Here is one of the reasons I like what I do for a living: Last week I received an email from a young man who attended one of my resume and cover letter writing classes. He wrote to tell me he had revised his resume, as per my suggestions, and converted it to a functional resume. He shared that he sent out the new version and within a day received two interviews whereas with his original version he was not getting any replies. Why is this? The information was the same, education experience, etc. It is the presentation.
Functional resumes work well for those who have been out of work recently or for period of time, leaving a chronological gap. This format also works well for individuals with eclectic work experiences that do not reflect a cohesive career path. More seasoned workers may want to use a functional resume in order to deemphasize the number of years they have worked.
The internet has many examples. I suggest taking a look at a few to get an idea of how you might want to format your resume. A functional resume is organized by skills. You can begin with a “skills summary” section using bullet points. Examples include: customer service, management, scheduling, problem solving.
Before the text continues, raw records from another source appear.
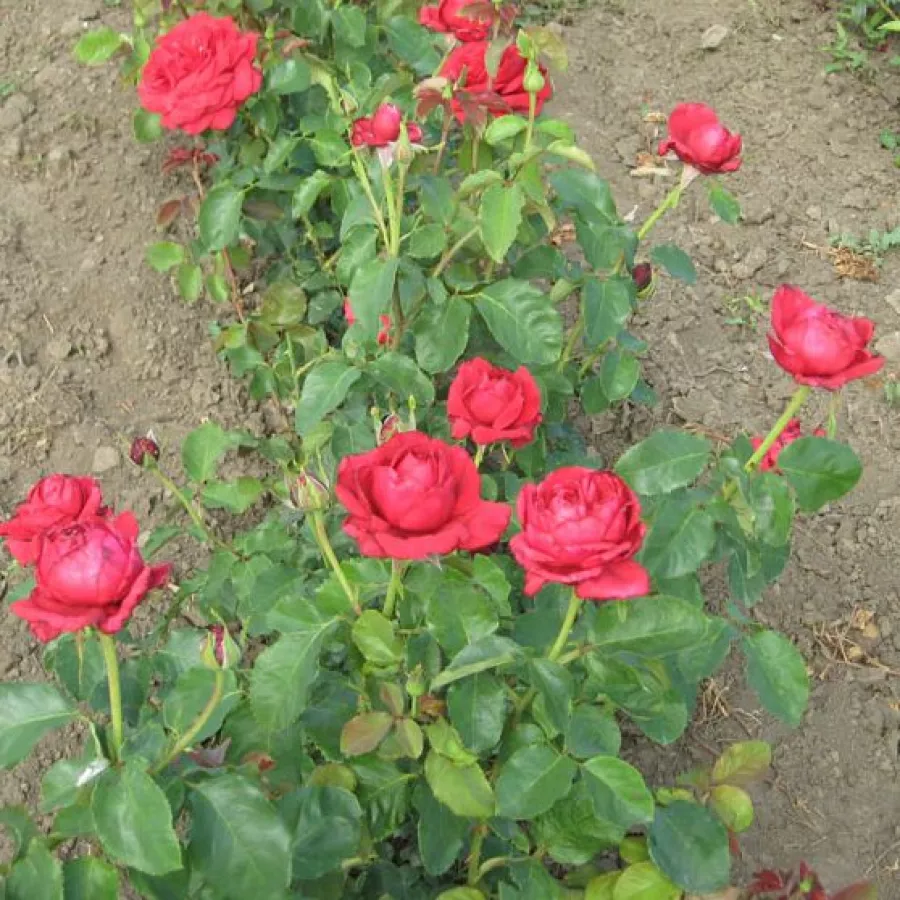 120-150 cm - Rosa - Pannonhalma - rosal de pie alto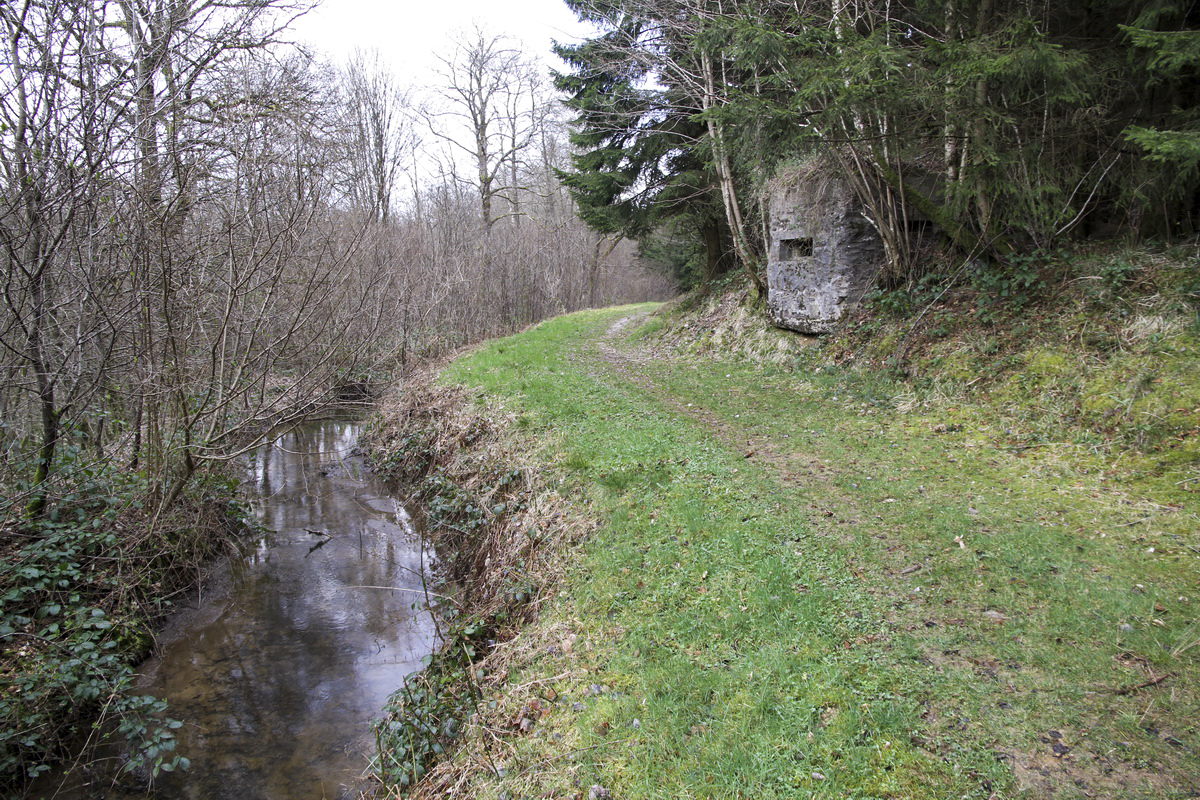 Ligne Maginot - BA44TER - TAILLE DE LA MOTTE - (Blockhaus pour arme infanterie) -  - Alain Perouffe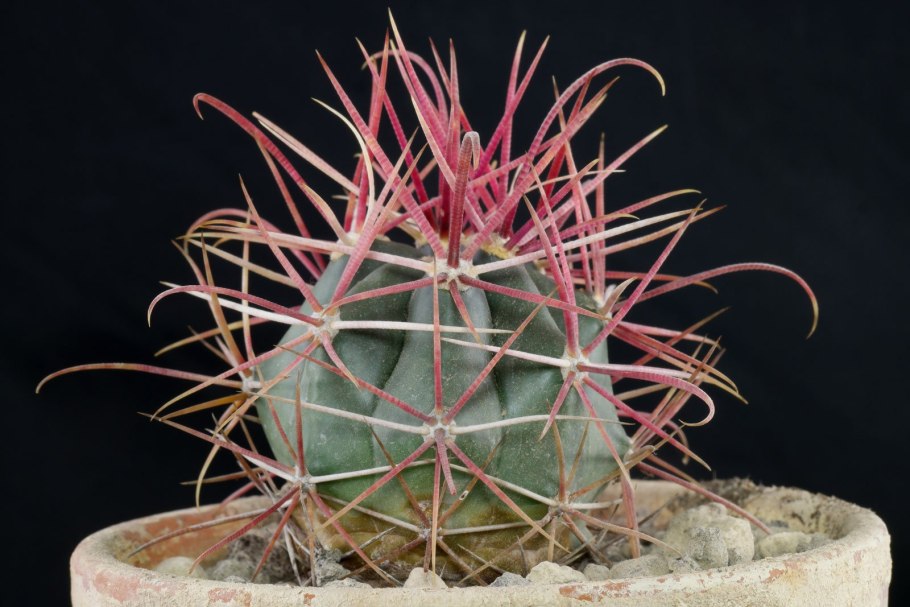 Ferocactus tiburonensis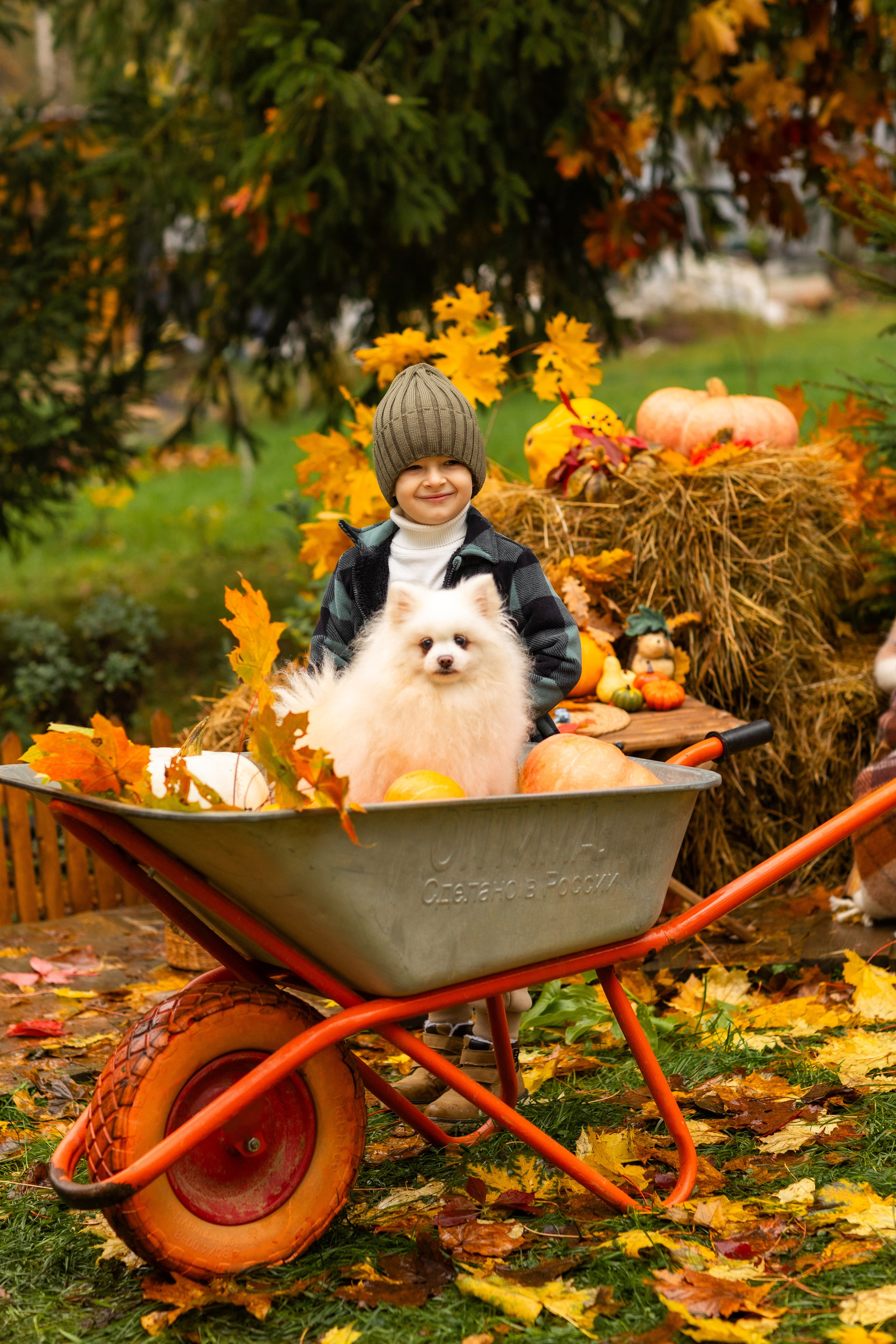 Осень. Профессиональный ретушер Москва и весь мир — Елена Тимченко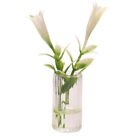 1:6 Scale Dolls House Miniatures Glass Vase Lily Flowers Bottle Decor Accessory
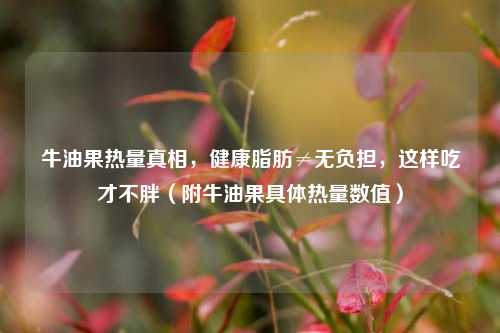 牛油果热量真相，健康脂肪≠无负担，这样吃才不胖（附牛油果具体热量数值）
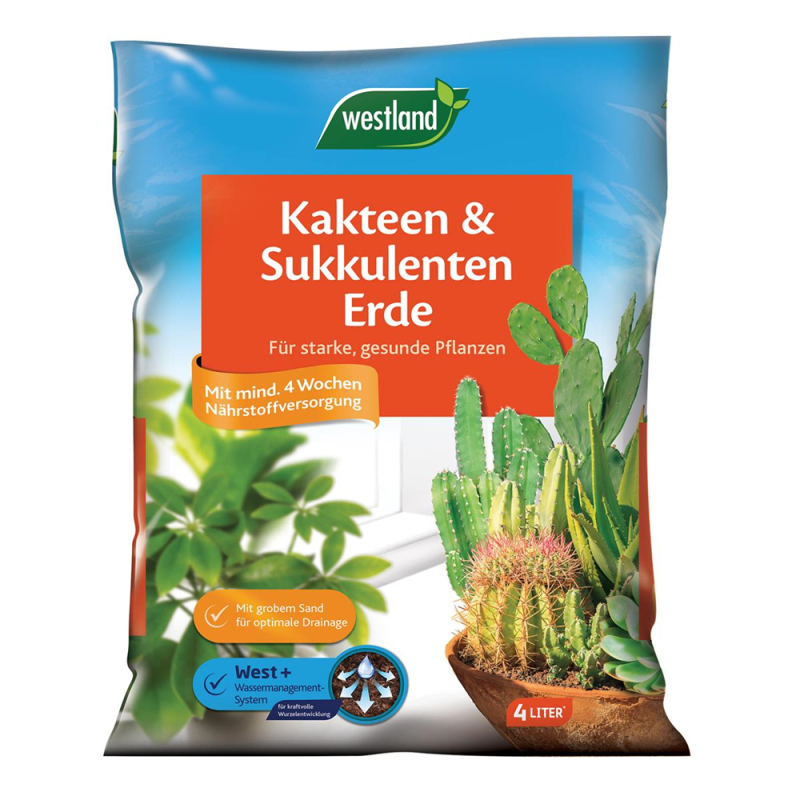  WESTLAND Kakteen-& Sukkulentenerde, 4 L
Next, use two or three sections that highlight a particular skill set. Use bullet points to describe accomplishments under each category. Finally, include your employment history listing company name, location, your title and dates of employment. You should also list your education and any special training.
Always try to match the skills you have with the skills required for the job. You may not have held the title of the position you are applying to but you may have done many of the tasks required. Packaging yourself using a functional resume may help you land the job you want.
I am waiting to hear back from “K” with the results of his interviews. Fingers crossed!